§ **Task description**: Could you copy exactly the lines below from the one with "Sweat capuche marine" to the one with "Santimon Men's US", inclusive, leaving out any pictures?

§ **Input records**:
::::

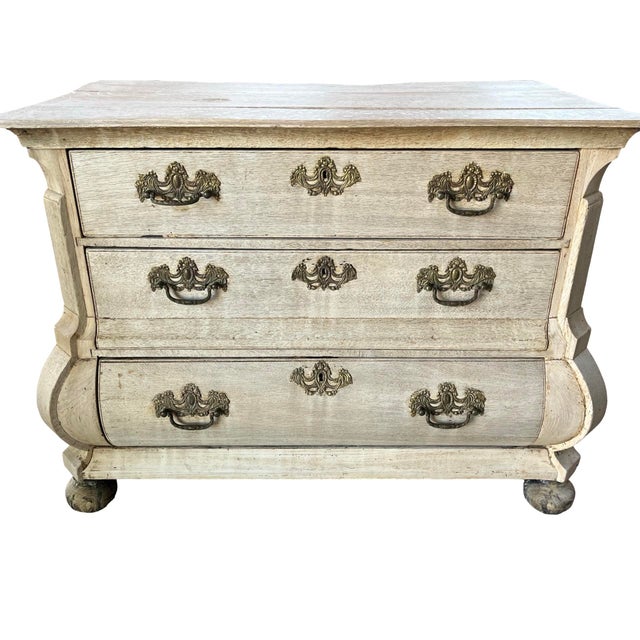 Baroque 19th Century Bleached Oak Dutch Bombay Chest of Drawers For Sale - Image 3 of 18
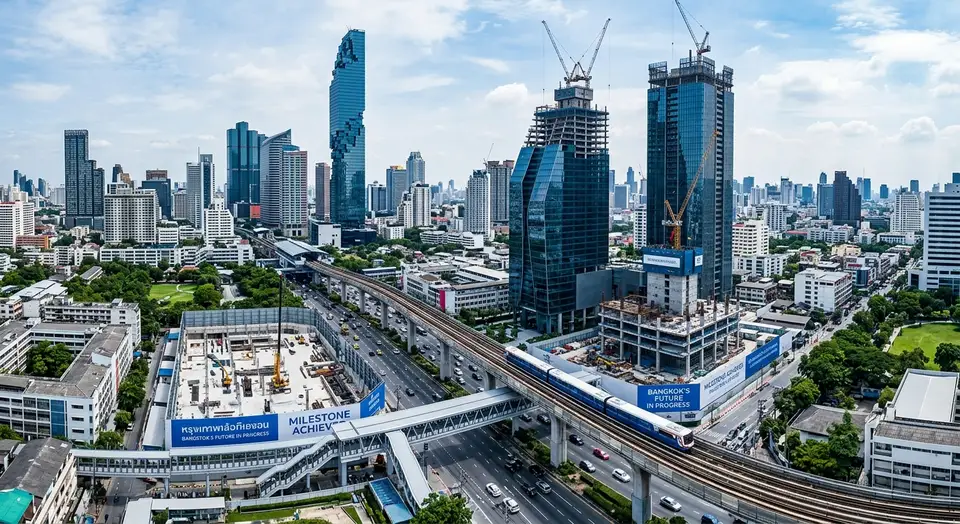 Tech startup team working in a modern Bangkok office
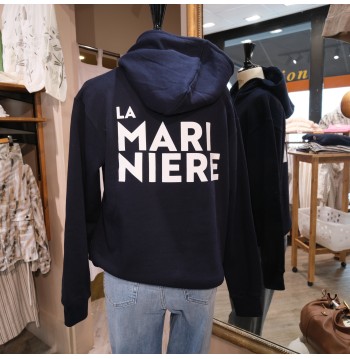 Sweat capuche marine impression dos L'ATELIER DE LA MARINIERE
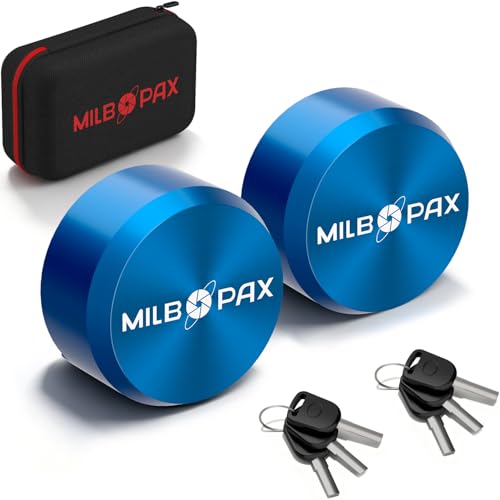 Trailer Door Lock Keyed Alike Puck Locks for Trailers Vans & Sheds Push-to-Lock Mechanism Hidden Shackle Design Heavy-Duty Enclosed Trailer Locks (Blue 2 Pack 6 Keys)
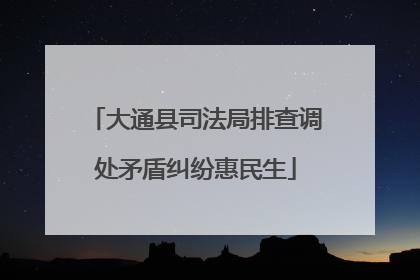 大通县司法局排查调处矛盾纠纷惠民生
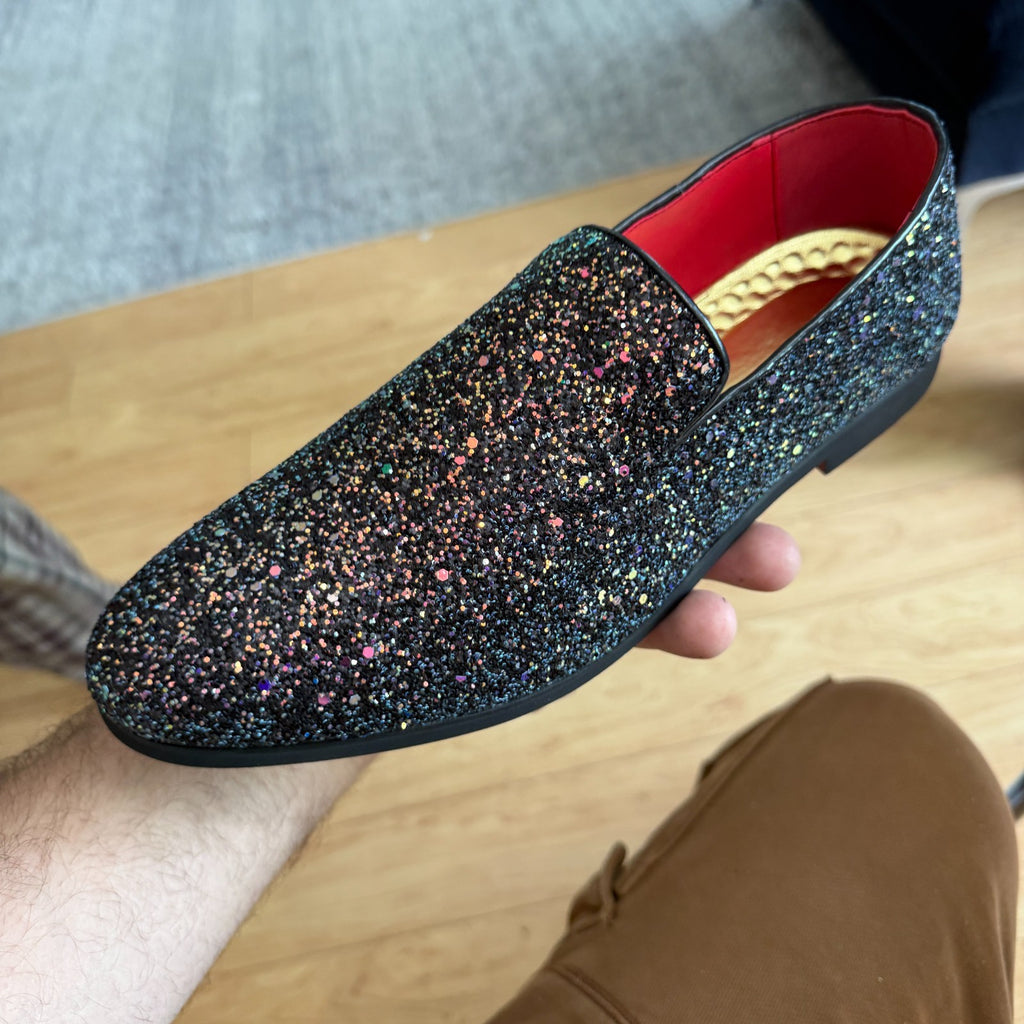 Santimon Men's US 9, 10 Black Glitter Slip-On Loafers Sequin Dress Shoes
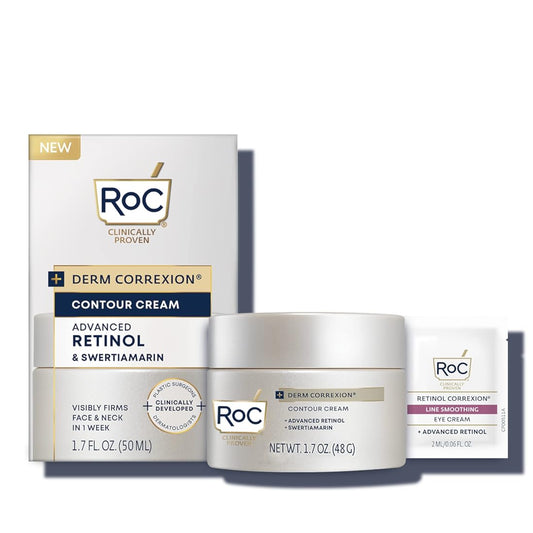 RoC Derm Correxion Neck Cream with Hyaluronic Acid and Advanced Retinol to visibly Tighten & Lift Horizontal Neck Lines, Facial Moisturiser to Contour Face, Neck and Jawline, 1.7 Ounces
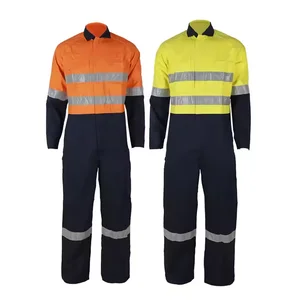 Factory  OEM&ODM Custom Hi Vis Road Safety Reflective Coverall Construction Workwear Clothing Fire Retardant Coverall for Men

::::

§ **Answer to this exercise**:
 Sweat capuche marine impression dos L'ATELIER DE LA MARINIERE
 Trailer Door Lock Keyed Alike Puck Locks for Trailers Vans & Sheds Push-to-Lock Mechanism Hidden Shackle Design Heavy-Duty Enclosed Trailer Locks (Blue 2 Pack 6 Keys)
 大通县司法局排查调处矛盾纠纷惠民生
 Santimon Men's US 9, 10 Black Glitter Slip-On Loafers Sequin Dress Shoes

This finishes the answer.